Work order:
Output the data verbatim, with nothing added or dropped.

Data section:
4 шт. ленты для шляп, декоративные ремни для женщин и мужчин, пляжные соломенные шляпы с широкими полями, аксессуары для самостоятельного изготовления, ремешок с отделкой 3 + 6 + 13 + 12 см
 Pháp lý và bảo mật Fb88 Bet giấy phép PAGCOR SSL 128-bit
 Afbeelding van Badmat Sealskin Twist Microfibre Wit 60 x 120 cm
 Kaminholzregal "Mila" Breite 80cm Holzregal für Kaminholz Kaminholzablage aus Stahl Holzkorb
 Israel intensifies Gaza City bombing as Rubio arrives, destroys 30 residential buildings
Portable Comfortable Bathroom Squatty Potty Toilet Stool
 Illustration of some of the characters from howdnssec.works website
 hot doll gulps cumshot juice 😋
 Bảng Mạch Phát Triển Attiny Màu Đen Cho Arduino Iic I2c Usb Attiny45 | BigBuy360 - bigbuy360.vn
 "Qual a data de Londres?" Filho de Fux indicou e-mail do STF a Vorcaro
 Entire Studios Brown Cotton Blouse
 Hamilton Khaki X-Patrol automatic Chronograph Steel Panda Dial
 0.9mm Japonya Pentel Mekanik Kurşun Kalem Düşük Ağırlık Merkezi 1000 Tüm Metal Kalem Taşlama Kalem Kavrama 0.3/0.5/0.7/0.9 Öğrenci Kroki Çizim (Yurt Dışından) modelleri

Expected output:
4 шт. ленты для шляп, декоративные ремни для женщин и мужчин, пляжные соломенные шляпы с широкими полями, аксессуары для самостоятельного изготовления, ремешок с отделкой 3 + 6 + 13 + 12 см
 Pháp lý và bảo mật Fb88 Bet giấy phép PAGCOR SSL 128-bit
 Afbeelding van Badmat Sealskin Twist Microfibre Wit 60 x 120 cm
 Kaminholzregal "Mila" Breite 80cm Holzregal für Kaminholz Kaminholzablage aus Stahl Holzkorb
 Israel intensifies Gaza City bombing as Rubio arrives, destroys 30 residential buildings
Portable Comfortable Bathroom Squatty Potty Toilet Stool
 Illustration of some of the characters from howdnssec.works website
 hot doll gulps cumshot juice 😋
 Bảng Mạch Phát Triển Attiny Màu Đen Cho Arduino Iic I2c Usb Attiny45 | BigBuy360 - bigbuy360.vn
 "Qual a data de Londres?" Filho de Fux indicou e-mail do STF a Vorcaro
 Entire Studios Brown Cotton Blouse
 Hamilton Khaki X-Patrol automatic Chronograph Steel Panda Dial
 0.9mm Japonya Pentel Mekanik Kurşun Kalem Düşük Ağırlık Merkezi 1000 Tüm Metal Kalem Taşlama Kalem Kavrama 0.3/0.5/0.7/0.9 Öğrenci Kroki Çizim (Yurt Dışından) modelleri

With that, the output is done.